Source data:
--- START ---
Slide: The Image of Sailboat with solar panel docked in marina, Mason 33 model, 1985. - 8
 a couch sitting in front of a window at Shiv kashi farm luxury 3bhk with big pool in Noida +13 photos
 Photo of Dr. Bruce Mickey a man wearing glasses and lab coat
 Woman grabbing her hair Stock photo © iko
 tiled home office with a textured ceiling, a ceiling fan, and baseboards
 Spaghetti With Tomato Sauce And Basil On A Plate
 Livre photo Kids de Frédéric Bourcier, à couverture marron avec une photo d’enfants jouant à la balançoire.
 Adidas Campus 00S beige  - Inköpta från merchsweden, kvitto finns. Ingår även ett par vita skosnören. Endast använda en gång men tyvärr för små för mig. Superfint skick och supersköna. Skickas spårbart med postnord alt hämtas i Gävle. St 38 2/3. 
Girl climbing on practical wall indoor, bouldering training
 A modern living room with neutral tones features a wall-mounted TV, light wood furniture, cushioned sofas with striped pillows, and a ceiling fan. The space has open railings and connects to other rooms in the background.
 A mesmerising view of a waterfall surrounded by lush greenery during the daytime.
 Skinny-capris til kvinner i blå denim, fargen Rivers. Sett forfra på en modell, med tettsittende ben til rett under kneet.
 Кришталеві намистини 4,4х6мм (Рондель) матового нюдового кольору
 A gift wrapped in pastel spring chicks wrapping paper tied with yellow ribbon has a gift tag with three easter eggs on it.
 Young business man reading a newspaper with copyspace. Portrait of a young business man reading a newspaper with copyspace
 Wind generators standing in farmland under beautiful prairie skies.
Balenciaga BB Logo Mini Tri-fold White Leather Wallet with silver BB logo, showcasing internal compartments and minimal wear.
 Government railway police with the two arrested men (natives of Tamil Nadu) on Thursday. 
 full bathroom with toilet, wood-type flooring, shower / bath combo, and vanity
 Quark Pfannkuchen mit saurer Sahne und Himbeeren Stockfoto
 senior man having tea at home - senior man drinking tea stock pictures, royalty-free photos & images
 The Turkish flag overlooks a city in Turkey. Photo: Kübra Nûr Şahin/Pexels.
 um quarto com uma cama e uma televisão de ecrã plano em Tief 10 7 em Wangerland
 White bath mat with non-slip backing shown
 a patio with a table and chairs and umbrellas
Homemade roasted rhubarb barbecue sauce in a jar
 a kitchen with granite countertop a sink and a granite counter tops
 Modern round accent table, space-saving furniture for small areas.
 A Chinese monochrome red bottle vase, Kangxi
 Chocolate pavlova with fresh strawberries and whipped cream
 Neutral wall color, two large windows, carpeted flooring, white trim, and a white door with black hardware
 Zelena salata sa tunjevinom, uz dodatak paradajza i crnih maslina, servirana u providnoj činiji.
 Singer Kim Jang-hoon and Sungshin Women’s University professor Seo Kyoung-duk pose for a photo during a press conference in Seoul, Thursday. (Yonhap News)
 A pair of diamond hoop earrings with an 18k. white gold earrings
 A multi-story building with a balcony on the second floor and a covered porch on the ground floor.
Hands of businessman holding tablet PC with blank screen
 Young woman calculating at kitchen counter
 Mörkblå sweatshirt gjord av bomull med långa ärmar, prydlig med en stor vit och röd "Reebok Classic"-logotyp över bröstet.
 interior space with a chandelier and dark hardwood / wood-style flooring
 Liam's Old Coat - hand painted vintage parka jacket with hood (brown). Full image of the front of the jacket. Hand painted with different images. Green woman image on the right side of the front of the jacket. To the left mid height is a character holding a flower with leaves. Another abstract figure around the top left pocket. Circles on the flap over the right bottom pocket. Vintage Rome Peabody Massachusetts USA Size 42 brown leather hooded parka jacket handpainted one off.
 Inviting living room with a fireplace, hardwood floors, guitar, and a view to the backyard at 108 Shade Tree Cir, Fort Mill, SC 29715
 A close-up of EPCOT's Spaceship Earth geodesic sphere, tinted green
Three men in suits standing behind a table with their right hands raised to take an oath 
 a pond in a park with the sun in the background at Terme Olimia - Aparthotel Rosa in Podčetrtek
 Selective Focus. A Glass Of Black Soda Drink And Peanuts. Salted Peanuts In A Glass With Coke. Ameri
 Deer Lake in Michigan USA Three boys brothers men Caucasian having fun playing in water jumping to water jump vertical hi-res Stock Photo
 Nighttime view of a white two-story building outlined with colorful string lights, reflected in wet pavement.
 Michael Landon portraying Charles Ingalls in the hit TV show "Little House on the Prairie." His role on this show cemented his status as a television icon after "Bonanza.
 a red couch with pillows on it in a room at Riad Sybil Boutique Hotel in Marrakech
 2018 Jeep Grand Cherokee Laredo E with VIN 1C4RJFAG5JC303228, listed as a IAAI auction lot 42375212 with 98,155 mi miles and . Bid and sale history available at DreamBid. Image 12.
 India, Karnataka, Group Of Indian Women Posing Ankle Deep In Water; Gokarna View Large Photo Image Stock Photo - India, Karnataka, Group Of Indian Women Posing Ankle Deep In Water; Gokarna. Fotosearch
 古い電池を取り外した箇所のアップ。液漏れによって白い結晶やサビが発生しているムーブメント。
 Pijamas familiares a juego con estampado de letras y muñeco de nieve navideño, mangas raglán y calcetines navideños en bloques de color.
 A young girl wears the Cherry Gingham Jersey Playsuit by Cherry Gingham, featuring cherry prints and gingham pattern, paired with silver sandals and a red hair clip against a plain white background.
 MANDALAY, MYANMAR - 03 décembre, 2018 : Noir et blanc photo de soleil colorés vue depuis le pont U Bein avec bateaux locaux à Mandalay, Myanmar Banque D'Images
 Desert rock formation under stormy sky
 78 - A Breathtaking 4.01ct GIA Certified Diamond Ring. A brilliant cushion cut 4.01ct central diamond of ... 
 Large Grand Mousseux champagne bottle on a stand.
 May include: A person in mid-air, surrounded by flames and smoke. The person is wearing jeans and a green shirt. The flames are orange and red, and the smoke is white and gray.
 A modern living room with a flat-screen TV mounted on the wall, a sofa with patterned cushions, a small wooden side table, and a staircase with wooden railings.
--- END ---
**Task directions**
Report all lines of the data above that include the string "surrounded".

**Solution for this task**
 A mesmerising view of a waterfall surrounded by lush greenery during the daytime.
 May include: A person in mid-air, surrounded by flames and smoke. The person is wearing jeans and a green shirt. The flames are orange and red, and the smoke is white and gray.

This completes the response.